━━━━━ Source information ━━━━━

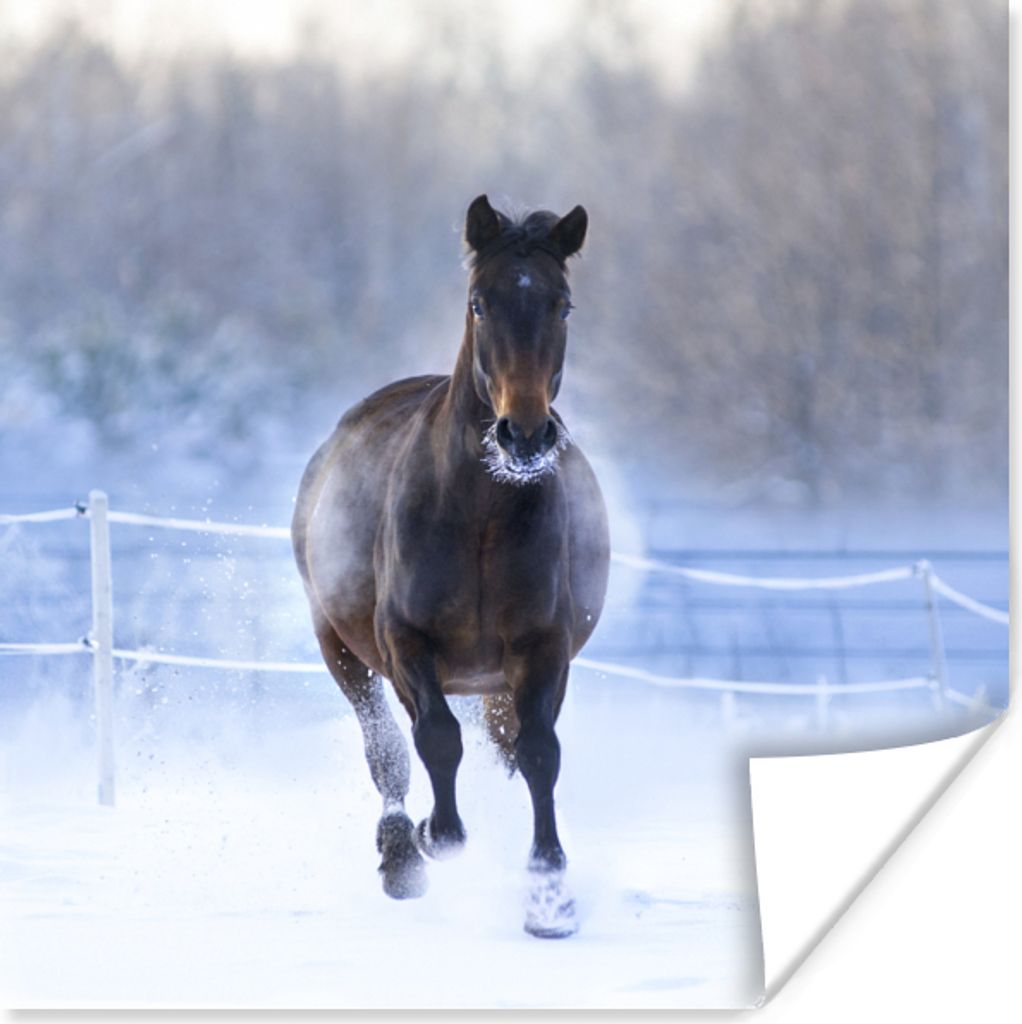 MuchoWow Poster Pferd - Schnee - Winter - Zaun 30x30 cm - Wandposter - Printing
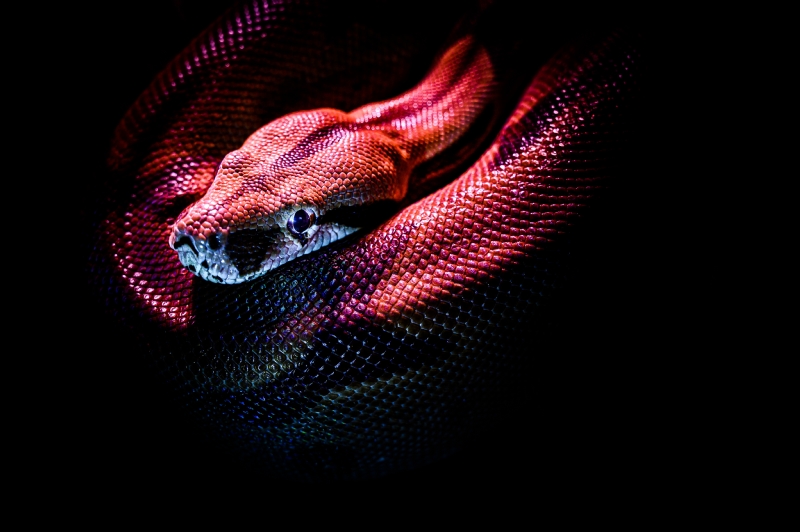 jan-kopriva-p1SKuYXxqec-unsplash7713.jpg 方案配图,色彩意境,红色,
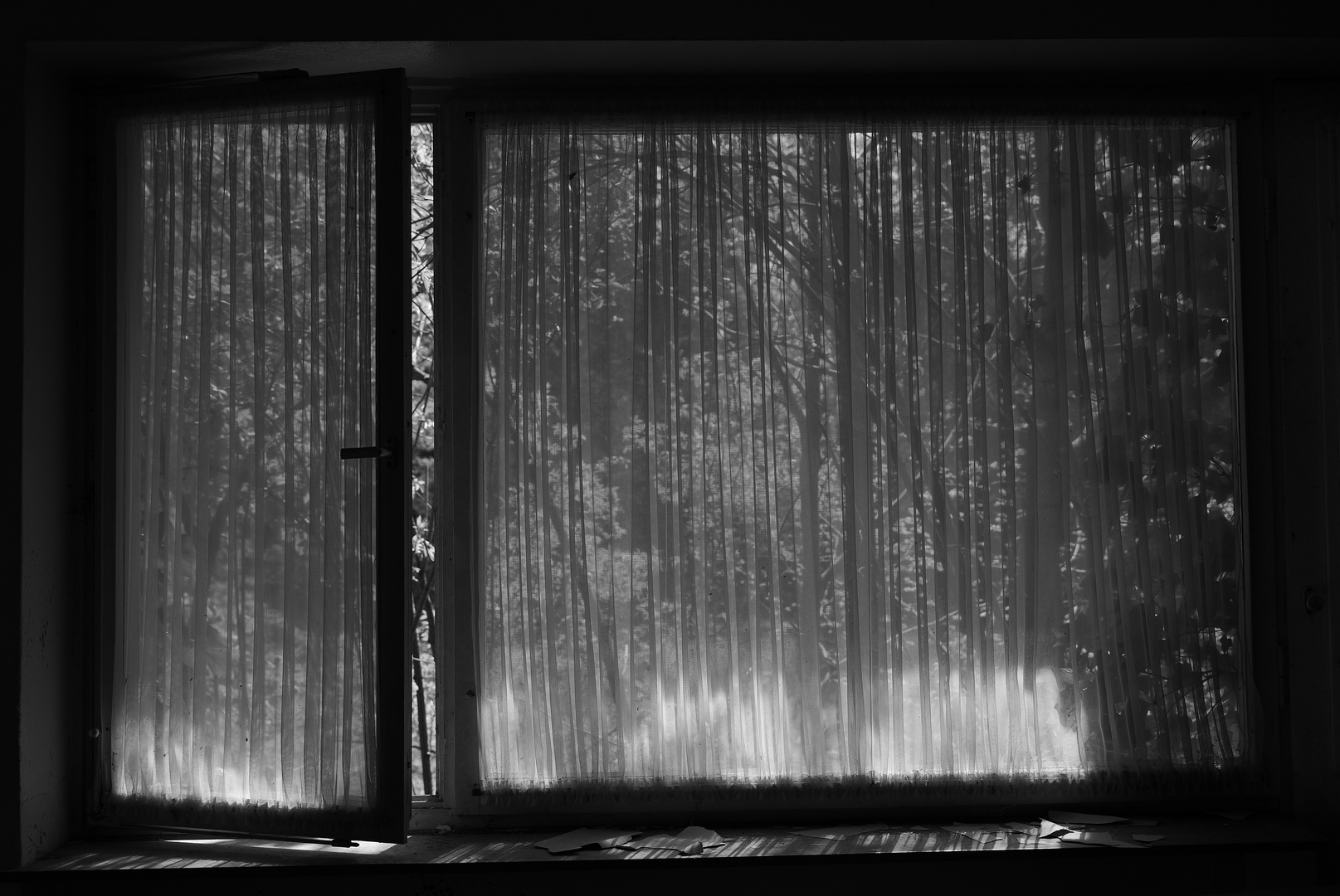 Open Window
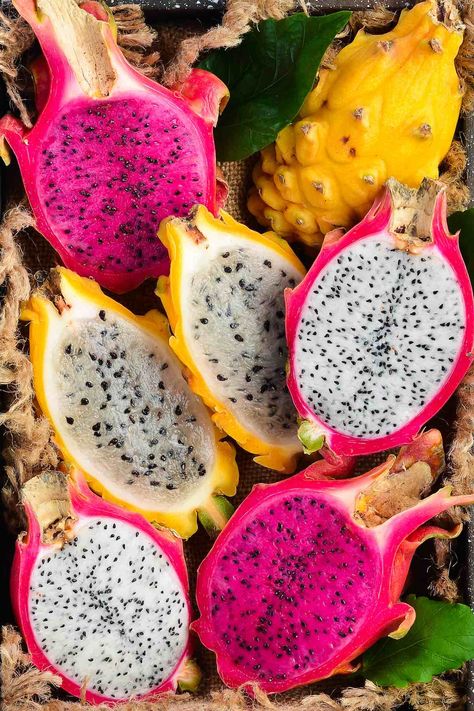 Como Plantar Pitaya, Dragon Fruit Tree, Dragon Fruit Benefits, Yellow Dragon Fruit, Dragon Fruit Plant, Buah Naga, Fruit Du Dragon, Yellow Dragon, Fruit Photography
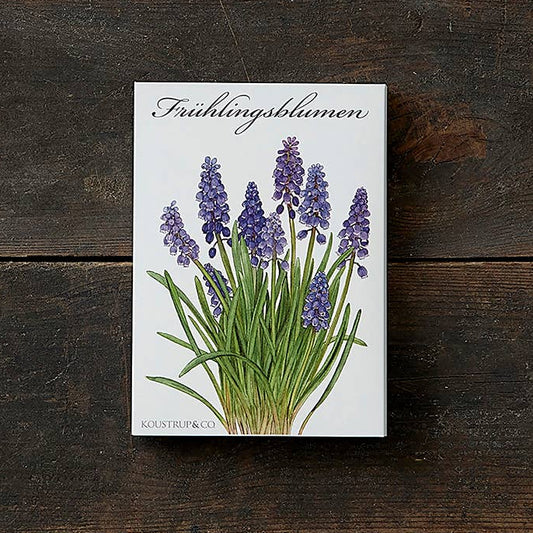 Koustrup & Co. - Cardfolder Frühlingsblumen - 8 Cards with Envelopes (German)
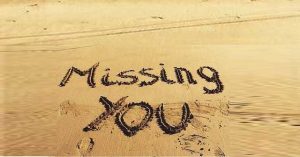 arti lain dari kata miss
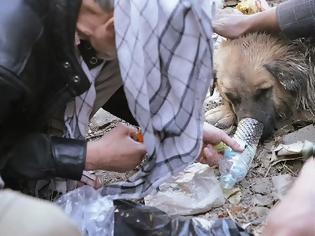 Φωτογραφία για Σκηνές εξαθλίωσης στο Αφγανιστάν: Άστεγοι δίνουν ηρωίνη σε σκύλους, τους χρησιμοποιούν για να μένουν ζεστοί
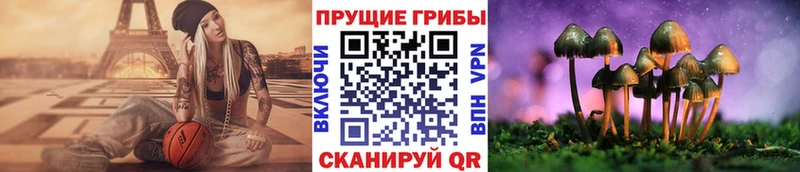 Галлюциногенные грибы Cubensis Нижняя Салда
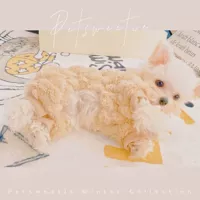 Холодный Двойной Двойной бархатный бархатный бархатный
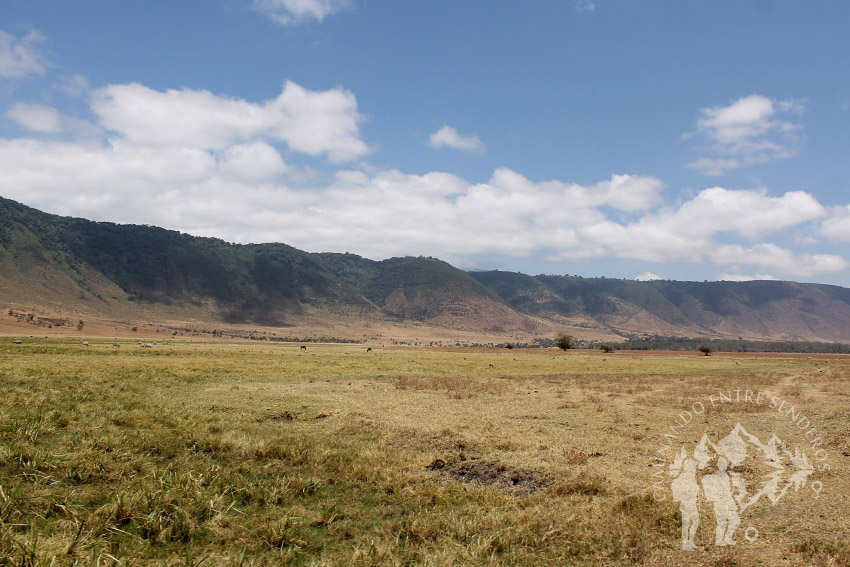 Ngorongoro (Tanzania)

━━━━━
━━━━━ Source information ━━━━━

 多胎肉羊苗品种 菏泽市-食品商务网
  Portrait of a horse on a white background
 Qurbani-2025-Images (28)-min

━━━━━

* Work to complete
Give back exactly the lines above that run from the one with "Холодный Двойной Двойной" to the one with "Ngorongoro (Tanzania)", including both, with the pictures left out.

* Solution to the exercise
 Холодный Двойной Двойной бархатный бархатный бархатный
 Ngorongoro (Tanzania)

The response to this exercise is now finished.